Anneannemin üç tane melamin kuruyemiş tabağı vardı. 15 cmlik kare biçimli tabaklar. Üzerlerine Turgut Zaim resimleri benzeri türkmen obaları resmedilmiş. Yayık döğen badem gözlü türkmen kuzları, keçiler, kilimler, pınarbaşı, testiler, ağaçlar, çayırlar, atlar. Küçüktüm, ilkokul 4-5 gibi. Hafta sonları köye, anneannemlere giderdik. O tabaklarla bisküvi koyardı biz çocukların önüne. O tabaklarla hayallere dalardım. Bazen tabakları özellikle alır, yere dizer, her milimetresini ezberlercesine seyreder ve burası yeryüzü cenneti olmalı derdim. Hayalimde bir köy kurardım. Oysa anneannemlerde köyde yaşıyordu. Evinde çeşme yoktu, bidonlarla çeşme başına gidiyorduk. Kilimler, sedirler, koyunlar, inekler köyde de vardı. Tek fark resimlerdeki gibi rengârenk bir mutluluk saçmıyordu. Yoksulluk vardı, zorluklar vardı.


Ve dedem vardı, temiz bir huzur verirdi. O Kur'an sayfalarını çevirirken ben türkmen obalı tabakları alır yanına otururdum. Ve geçmişi rengârenk güzelliklerle dolu Türklerin yeniden yeryüzü cenneti köyler, kentler kuracaklarını hayal eder anlatırdım.

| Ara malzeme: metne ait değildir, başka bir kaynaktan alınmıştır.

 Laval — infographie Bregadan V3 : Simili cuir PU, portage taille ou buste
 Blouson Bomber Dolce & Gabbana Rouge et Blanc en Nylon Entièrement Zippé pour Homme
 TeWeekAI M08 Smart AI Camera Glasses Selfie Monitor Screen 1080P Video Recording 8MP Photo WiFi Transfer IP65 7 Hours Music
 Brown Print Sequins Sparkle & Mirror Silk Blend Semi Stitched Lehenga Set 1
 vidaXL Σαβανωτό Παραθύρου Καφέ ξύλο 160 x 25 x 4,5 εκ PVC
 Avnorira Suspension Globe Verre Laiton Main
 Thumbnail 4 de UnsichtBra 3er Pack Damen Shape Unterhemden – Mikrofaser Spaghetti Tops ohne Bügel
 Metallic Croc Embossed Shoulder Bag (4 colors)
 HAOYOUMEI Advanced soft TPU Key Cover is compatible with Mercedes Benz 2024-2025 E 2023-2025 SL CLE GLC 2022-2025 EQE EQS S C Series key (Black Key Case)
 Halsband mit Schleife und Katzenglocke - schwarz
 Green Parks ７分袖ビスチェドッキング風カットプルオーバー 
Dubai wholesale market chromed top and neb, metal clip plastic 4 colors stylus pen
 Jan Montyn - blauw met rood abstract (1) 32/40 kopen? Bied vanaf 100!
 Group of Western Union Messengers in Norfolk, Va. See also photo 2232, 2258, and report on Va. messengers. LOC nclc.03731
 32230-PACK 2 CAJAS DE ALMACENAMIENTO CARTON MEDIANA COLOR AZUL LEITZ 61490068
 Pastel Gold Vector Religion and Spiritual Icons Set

Küçük bir bahçesi vardı dedemin. Ağaçlara, sebzelere, çiçeklere, kedilere, köpeklere, hatta farelere, kaplumbağalara, kirpilere sevgi ve saygısı vardı dedemin. O bahçede her şey dedemin şefkatiyle sarılıydı. Dedem vardı, türkmen obalı tabaklar vardı, yeryüzü cenneti düşlerim vardı. Pırıl pırıl bir yaşamdan, dedemden Bektaşilikle ilgili duyduklarım ve ilk solculuk çabalarım vardı.


Yıllar sonra Kur'an okurken farkettim. Cennet selam yurduydu ve bu dünyada da olabilirdi.


Vakıa 25,26 : "Ne bir boş söz işitirler orada ne günah sözü. Ancak bir kelam işitirler: Selam, selam.”


Ancak bir kelam işitirler, selam, selam. Hepimizin yürekten özlediği bir yer. Dünya için de, ahiret için de iyilik, güzellik isteyin dendiğine göre, dünya için bir şeyler yapmak gerekmez mi? Gerekir. Öyleyse yeryüzü cenneti için çabalamalıyız. İnsanın insana sevgi, saygısının olduğu bir toplum, insanlık onurunun aziz tutulduğu bir toplum.


Toplumsal adalet ve dayanışma, barış, gelirin hakça bölüşüldüğü bir ekonomik yapılanma, eğitimde birlik, bütünlük, çağdaşlık ve geleceğine güvenle bakan bir toplum olmak, yani solcu olmak bir çocukluk düşü mü?